E.J. Dionne opens his column with, "Conservatives ... are facing the fact that we are by no means the most socially mobile country in the world."
Thereupon he offers irrefutable proof of that fact, from northern European countries cleaning our socioeconomic clocks to homespun webs of profound, structural disadvantages (such as labor's woes and finance's glorification).
Dionne closes, thus: "My challenge to conservatives worried about inequality is to follow the logic of their concern to what may be some uncomfortable conclusions, especially in an election year."
Quaint. Very quaint. And once?--even admirably quaint, not to mention customarily civil.

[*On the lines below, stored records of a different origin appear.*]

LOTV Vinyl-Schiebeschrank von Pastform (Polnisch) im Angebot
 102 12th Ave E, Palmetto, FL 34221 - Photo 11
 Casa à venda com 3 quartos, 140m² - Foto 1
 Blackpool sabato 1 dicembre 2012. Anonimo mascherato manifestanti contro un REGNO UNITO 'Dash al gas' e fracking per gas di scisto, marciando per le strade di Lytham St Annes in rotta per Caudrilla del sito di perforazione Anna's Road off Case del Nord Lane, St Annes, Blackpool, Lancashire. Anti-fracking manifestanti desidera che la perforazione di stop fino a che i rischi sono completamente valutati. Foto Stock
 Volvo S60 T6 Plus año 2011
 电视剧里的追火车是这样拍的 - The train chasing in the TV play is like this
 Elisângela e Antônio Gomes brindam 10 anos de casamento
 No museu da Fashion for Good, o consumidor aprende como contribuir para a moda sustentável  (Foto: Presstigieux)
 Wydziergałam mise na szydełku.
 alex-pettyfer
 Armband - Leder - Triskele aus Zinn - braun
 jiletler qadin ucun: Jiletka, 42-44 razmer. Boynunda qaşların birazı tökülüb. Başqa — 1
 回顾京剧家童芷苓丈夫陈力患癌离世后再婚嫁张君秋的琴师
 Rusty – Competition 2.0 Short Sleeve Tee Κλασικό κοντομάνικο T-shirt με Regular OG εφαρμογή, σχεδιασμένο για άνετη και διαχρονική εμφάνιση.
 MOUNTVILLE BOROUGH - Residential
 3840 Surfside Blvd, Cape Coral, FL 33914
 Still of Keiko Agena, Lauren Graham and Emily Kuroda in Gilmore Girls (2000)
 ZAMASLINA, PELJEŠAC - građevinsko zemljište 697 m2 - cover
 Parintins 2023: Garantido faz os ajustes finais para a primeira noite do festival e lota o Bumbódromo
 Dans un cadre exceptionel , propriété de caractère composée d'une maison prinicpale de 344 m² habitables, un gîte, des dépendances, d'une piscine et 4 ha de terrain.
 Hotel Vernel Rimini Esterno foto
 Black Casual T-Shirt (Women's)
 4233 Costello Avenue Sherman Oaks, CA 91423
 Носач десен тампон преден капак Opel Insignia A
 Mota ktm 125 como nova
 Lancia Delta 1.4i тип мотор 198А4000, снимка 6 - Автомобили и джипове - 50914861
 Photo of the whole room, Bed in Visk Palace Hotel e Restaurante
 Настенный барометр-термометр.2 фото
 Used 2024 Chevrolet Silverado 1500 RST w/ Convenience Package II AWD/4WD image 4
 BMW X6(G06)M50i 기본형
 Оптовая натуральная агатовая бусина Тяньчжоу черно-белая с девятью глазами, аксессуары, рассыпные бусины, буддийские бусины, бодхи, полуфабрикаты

As the 1970s' New Right--just to arbitrarily pick one of contemporary conservatism's corrosive forerunners--broadsided liberalism with every scurrilous accusation of unAmericanism it could imagine, liberals, such as Dionne, routinely responded with civilized calls for conservatives to "follow the logic" of their strategic hyperaggression and tactical skulduggery. Yet these civilized calls for conservative logic and Reason and Sunday-best behavior only inspired among conservatives new heights of nastiness and ill logic--the latter particularly in Reaganism, the former in Gingrichism.
From there conservatives "progressed" to a morbid, institutionalized maliciousness unwitnessed in American politics since the sectional crisis. Liberals continued pleading for greater civility. Conservatives delivered a grossly illegitimate impeachment; their own perfectly protected, "unitary executive"; vulgar Cheneyism; several more Congresses from Hell; then a seething, rabidly nihilistic tea party movement; all topped off by their presidential nomination of perhaps the least ethical, most fraudulent and monstrously spiteful man in America.
Let's see, some impeccably well-mannered liberals are now in their fourth decade of begging conservatives' indulgence of plain human decency; and the latter has got so barren that the few, authentic conservatives still out there--the Sullivans and Frums--have taken to railing against their former playmates with far, far less civility than the nation's liberal E.J. Dionnes.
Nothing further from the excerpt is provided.